TASK GOAL:
A picture-free, exact transcript of the entries below is required.

Captioned web image data

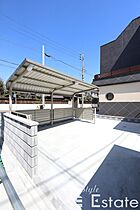 愛知県名古屋市昭和区白金１丁目（賃貸マンション1K・2階・28.60㎡） その27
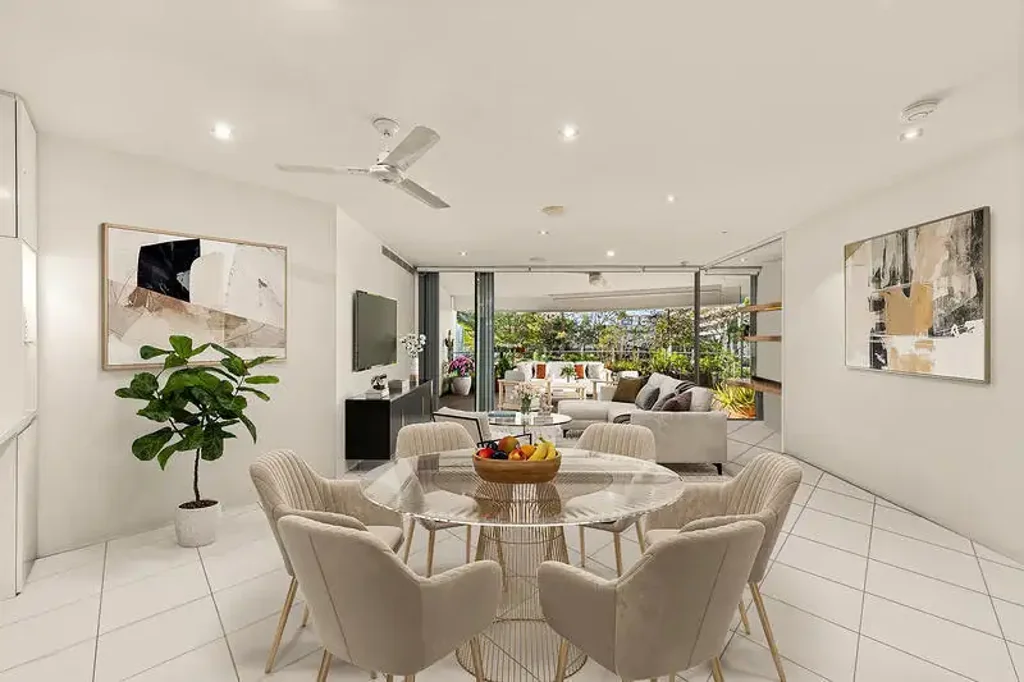 2005/45 Duncan Street, West End, QLD 4101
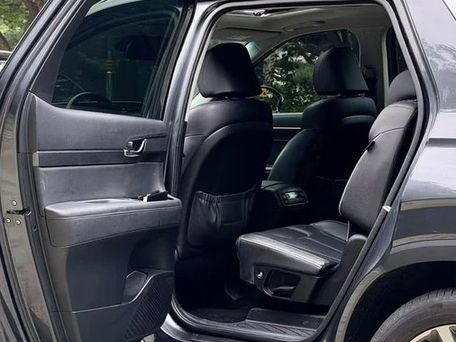 Hyundai Palisade, 2021 — сүрөт 7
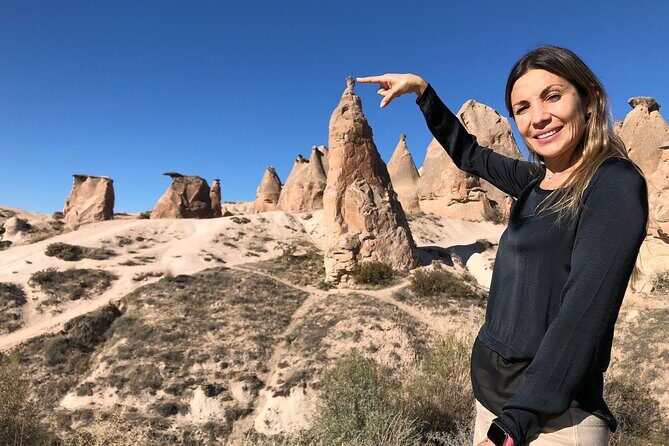 2 Days Small Group Cappadocia North and South Tour - What to Expect from the 2-Day Cappadocia Tour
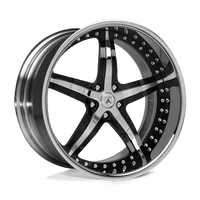 ASANTI l AF156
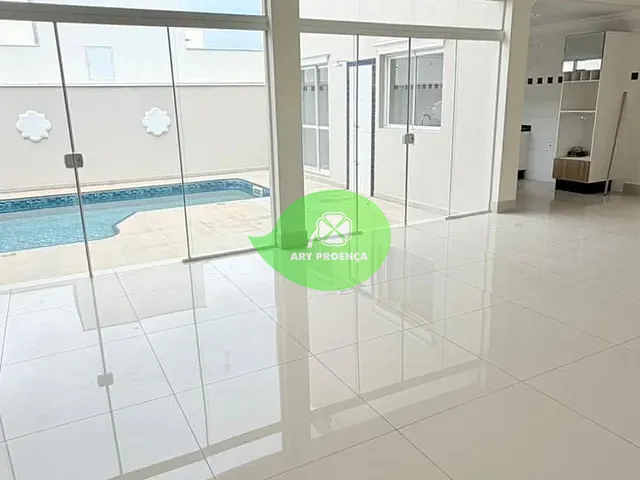 Casa 3 quartos e 5 banheiros, à venda, no bairro Condominio Residencial Belvedere II em Votorantim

SOLUTION BELOW:
 愛知県名古屋市昭和区白金１丁目（賃貸マンション1K・2階・28.60㎡） その27
 2005/45 Duncan Street, West End, QLD 4101
 Hyundai Palisade, 2021 — сүрөт 7
 2 Days Small Group Cappadocia North and South Tour - What to Expect from the 2-Day Cappadocia Tour
 ASANTI l AF156
 Casa 3 quartos e 5 banheiros, à venda, no bairro Condominio Residencial Belvedere II em Votorantim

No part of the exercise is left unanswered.